Work task —
Your answer must be every line of the data below that holds the string "Hotel", copied exactly.

Data extract —
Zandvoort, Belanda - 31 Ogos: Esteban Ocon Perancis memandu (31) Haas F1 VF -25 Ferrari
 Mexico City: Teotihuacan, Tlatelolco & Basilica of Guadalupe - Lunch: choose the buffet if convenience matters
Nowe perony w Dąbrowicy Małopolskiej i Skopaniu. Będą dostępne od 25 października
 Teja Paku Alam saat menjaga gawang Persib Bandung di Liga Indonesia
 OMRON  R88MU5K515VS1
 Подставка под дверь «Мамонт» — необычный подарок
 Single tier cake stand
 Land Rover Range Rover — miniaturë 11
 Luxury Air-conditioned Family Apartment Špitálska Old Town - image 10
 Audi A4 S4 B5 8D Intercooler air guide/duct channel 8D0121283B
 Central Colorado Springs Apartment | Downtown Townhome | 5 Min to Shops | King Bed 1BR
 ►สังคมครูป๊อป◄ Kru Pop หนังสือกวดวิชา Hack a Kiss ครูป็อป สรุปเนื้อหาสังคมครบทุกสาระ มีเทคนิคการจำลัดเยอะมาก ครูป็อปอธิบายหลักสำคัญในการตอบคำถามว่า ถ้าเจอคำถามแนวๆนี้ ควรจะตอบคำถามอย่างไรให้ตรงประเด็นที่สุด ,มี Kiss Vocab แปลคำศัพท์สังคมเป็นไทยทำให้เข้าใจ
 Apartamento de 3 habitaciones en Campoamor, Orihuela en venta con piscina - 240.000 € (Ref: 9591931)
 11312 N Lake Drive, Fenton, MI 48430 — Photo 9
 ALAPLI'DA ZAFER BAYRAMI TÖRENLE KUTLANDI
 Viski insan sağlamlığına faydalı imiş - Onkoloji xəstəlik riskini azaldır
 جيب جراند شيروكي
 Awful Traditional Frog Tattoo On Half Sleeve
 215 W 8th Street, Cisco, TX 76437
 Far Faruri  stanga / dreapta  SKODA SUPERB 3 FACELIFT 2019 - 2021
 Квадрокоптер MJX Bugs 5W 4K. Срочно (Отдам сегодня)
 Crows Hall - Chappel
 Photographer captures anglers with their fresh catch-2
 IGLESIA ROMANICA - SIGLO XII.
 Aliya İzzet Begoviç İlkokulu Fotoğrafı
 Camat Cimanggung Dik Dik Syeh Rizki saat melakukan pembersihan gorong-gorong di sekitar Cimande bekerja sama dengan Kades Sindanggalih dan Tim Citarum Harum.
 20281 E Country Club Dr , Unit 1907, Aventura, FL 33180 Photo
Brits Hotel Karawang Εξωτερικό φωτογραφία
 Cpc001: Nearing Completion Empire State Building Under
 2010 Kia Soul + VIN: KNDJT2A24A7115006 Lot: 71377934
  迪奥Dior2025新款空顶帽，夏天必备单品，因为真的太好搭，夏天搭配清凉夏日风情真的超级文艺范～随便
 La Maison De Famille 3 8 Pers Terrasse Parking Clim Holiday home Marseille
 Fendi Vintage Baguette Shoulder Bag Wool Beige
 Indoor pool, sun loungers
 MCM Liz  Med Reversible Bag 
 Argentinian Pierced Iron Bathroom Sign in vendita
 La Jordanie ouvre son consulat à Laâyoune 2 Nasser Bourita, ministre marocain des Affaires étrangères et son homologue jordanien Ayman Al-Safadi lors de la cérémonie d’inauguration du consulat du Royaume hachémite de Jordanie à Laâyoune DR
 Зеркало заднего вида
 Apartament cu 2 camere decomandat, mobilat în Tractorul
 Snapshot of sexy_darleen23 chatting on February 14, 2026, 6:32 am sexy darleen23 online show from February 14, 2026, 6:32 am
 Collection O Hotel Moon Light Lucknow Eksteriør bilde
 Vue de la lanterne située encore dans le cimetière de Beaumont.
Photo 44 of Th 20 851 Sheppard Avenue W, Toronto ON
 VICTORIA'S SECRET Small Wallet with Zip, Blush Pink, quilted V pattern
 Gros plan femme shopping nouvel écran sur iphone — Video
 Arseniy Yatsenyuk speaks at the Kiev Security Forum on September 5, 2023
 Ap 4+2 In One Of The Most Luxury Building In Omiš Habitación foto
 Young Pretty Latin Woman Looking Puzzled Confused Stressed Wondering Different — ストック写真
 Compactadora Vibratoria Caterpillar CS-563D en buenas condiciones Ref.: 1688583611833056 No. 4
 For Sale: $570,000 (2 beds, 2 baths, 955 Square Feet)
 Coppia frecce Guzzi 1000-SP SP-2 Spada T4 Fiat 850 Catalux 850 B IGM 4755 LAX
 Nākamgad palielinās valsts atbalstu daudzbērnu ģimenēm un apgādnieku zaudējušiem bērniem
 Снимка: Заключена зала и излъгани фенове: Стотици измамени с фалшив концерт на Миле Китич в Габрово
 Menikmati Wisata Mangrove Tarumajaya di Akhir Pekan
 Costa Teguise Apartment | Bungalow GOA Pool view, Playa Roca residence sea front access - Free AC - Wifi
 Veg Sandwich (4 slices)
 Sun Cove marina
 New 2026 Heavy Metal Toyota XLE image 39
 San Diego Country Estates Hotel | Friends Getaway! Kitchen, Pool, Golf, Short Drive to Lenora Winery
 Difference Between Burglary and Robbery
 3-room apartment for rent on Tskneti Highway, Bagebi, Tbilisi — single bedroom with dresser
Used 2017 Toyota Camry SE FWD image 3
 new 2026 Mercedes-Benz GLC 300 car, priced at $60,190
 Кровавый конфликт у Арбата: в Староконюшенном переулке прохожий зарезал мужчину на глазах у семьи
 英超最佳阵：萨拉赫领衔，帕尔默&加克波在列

Output below —
Brits Hotel Karawang Εξωτερικό φωτογραφία
 Collection O Hotel Moon Light Lucknow Eksteriør bilde
 San Diego Country Estates Hotel | Friends Getaway! Kitchen, Pool, Golf, Short Drive to Lenora Winery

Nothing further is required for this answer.